L'INTERVISTA - Stefano a 360°: "Ho pensato due volte di smettere, trovarmi senza né moto né supporto ha acceso la luce. Sono maturato più tardi di altri. Fenati? Sono andato avanti"
Il primo ricordo che molti hanno di Stefano Manzi sul palcoscenico mondiale risale al GP di Silverstone 2016, classe Moto3, quando in sella ad una Mahindra - nelle vesti di wild card - fece impazzire i big della categoria per tutta la gara, fino a chiudere ai piedi del podio. Dello Stefano di quel giorno è rimasta la cadenza romagnola, il numero 62 ed il talento, mentre tanti altri elementi dentro e fuori dalla pista sono cambiati. In meglio sotto tanti aspetti, grazie ad un insieme di esperienze dal sapore agrodolce, che lo hanno portato ad un passo dal ritiro prima ed allo status di prima guida Yamaha in Supersport ora, con il sogno di passare in SBK ma soprattutto tanta voglia di recuperare il tempo perso.
Stefano, come ti descriveresti come pilota?
“Direi che sono un pilota che già vissuto tanti momenti diversi all’interno della carriera. A grandi linee direi che sono passato dall’essere uno dei più promettenti in Italia, che doveva sfondare, a non combinare nulla, tanto da rischiare di terminare la mia carriere molto presto. In seguito ho ricominciato e mi sono ripreso, anche in termini di risultati, ed il cambio di paddock tra MotoGP e SBK è stato l’ultimo grande cambiamento finora”.
E come persona invece?
“Potrei dire circa le stesse cose. Se ci fai caso chi riesce ad arrivare in alto è chi matura rapidamente, sin da giovane: io non rientro in questa categoria, e questo probabilmente mi ha portato ad ottenere poco. Come dico spesso anche tra me e me però è meglio scoprire tutto questo un pochino dopo che a 40 anni, quando è tutto finito e non restano che i rimpianti. Come persona quindi sono maturato un po’ più tardi rispetto ad altri o all’età in cui avrei dovuto, ma sto continuando a farlo e questo ora mi sta aiutando molto, mi sta riportando sulla strada corretta”.
Ti senti più maturato come persona o come pilota negli ultimi 5 anni?

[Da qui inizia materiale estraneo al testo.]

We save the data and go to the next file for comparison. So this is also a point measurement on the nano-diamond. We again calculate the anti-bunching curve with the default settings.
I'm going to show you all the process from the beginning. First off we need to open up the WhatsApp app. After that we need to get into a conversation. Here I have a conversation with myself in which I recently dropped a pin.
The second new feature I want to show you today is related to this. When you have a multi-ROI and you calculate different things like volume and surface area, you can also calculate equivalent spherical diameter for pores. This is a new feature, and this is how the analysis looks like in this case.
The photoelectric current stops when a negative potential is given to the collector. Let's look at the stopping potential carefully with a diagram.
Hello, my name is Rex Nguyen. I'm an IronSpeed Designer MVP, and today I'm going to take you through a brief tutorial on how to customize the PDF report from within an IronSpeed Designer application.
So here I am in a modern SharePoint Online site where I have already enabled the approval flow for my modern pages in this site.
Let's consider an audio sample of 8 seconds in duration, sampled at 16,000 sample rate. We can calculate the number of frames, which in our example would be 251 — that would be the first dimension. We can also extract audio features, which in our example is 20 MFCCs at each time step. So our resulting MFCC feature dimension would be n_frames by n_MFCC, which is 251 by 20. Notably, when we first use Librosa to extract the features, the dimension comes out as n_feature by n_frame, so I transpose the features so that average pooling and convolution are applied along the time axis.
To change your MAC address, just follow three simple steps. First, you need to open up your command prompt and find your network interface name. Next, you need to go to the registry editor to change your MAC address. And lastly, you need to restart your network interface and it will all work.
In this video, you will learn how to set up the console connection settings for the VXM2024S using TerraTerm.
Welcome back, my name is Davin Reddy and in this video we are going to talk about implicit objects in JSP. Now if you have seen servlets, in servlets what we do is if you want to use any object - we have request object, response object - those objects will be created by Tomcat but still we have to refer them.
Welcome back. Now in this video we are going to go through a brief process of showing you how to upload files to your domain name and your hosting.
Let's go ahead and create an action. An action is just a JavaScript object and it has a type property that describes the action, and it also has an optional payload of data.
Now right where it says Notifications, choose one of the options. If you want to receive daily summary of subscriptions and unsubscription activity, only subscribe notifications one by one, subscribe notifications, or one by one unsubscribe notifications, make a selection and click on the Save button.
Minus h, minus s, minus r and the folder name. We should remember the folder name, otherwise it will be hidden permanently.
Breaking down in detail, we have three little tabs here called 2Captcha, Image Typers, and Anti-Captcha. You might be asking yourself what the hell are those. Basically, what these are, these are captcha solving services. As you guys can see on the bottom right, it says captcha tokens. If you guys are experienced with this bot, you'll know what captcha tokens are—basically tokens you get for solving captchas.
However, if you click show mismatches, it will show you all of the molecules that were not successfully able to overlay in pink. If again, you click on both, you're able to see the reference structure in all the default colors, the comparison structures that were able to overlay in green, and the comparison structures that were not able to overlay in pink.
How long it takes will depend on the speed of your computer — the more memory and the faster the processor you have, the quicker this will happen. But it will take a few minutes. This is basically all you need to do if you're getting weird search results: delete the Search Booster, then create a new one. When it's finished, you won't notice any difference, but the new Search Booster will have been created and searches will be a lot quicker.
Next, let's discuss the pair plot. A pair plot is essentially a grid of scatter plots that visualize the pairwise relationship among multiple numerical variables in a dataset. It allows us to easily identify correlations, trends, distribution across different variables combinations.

“Entrambi, ma tutto parte dalla persona. Direi negli ultimi 3 anni, dove ho fatto un grande passo in avanti in termini di maturazione, dopo essere rimasto per tanto tempo su una strada che mi stava portando a smettere. La presa di coscienza dal punto di vista personale mi ha fatto crescere tanto anche in moto”.
La tua carriera è fatta di momenti difficili e grandi risalite, anche inaspettate a tratti. Come te lo spieghi?
“Secondo occorre un po’ scindere le cose. A livello di guida della moto ho sempre saputo come andare forte, anche da bambino, ma non essendo maturo non riuscivo ad essere costante, preparando nel modo giusto una stagione. Di conseguenza andavo a sprazzi, facendo magari la gara della vita prima di tornare nell’anonimato due Gran Premi dopo. Questi alti e bassi sono dipesi molto dallo Stefano fuori dalle moto. La maturazione degli ultimi anni invece mi ha portato ad essere più costante nell’arco della stagione”.